The girl obeyed, looking into Jack’s eyes with a calmer expression. The steamer had stopped, and half a dozen row-boats were approaching from different directions. A grizzled waterman and his companion picked up the two and pulled them across to Strand-on-the-Green. Others followed towing Jack’s boat and the canoe, and the big steamer proceeded on her way to Kew Pier.
The Black Bull, close by the railway bridge, received the drenched couple, and the watermen were delighted by the gift of a sovereign. A motherly woman took the half-dazed girl upstairs, and Jack was led into the oak-panelled parlor of the old inn by the landlord, who promptly poured him out a little brandy, and then insisted on his having a change of clothing.
“Thank you; I fear I must accept your offer,” said Jack. “But I hope you will attend to the young lady first. Your wife seemed to know her.”
“Quite well, sir,” was the reply. “Bless you, we all know Miss Madge Foster hereabouts. She lives yonder at the lower end of the Green—”
“Then she had better be taken home.”
“I think this is the best place for her at present, sir. Her father is in town, and there is only an old servant.”
“You are quite right,” said Jack. “I suppose there is a doctor near by.”
“There is, sir, and I will send for him at once,” the landlord promised. “If you will kindly step this way—”

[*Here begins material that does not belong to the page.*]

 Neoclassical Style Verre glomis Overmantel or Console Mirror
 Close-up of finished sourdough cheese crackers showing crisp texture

At that moment there was a stir among the curious idlers who filled the entrance passage of the inn. An authoritative voice opened a way between them, and a man pushed through to the parlor. His face changed color at the sight of Jack, who greeted him with a cry of astonishment.
CHAPTER III.
AN OLD FRIEND
There was gladness as well as surprise in Jack’s hearty exclamation, for the man who stood before him in the parlor of the Black Bull was his old friend Victor Nevill, little altered in five years, except for a heavier mustache that improved his dark and handsome face. To judge from appearances, he had not run through with all his money. He was daintily booted and gloved, and wore morning tweeds of perfect cut; a sprig of violets was thrust in his button-hole. The two had not met since they parted in Paris on that memorable night, nor had they known of each other’s whereabouts.
“Nevill, old chap!” cried Jack, holding out a hand.

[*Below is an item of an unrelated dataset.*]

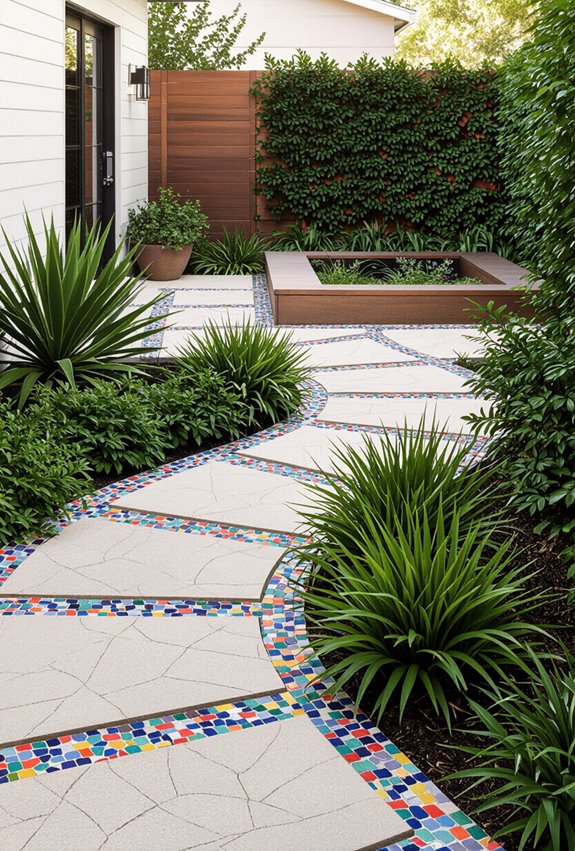 artful mosaic stepping stone accents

Nevill clasped it warmly; his momentary confusion had vanished.
“My dear Clare—” he began.
“Not that name,” Jack interrupted, laughingly. “I’m called Vernon on this side of the Channel.”
“What, John Vernon, the rising artist?”
“The same.”
“It’s news to me. I congratulate you, old man. If I had known I would have looked you up long ago, but I lost all trace of you.”
“That’s my case,” said Jack. “I supposed you were still abroad. Been back long?”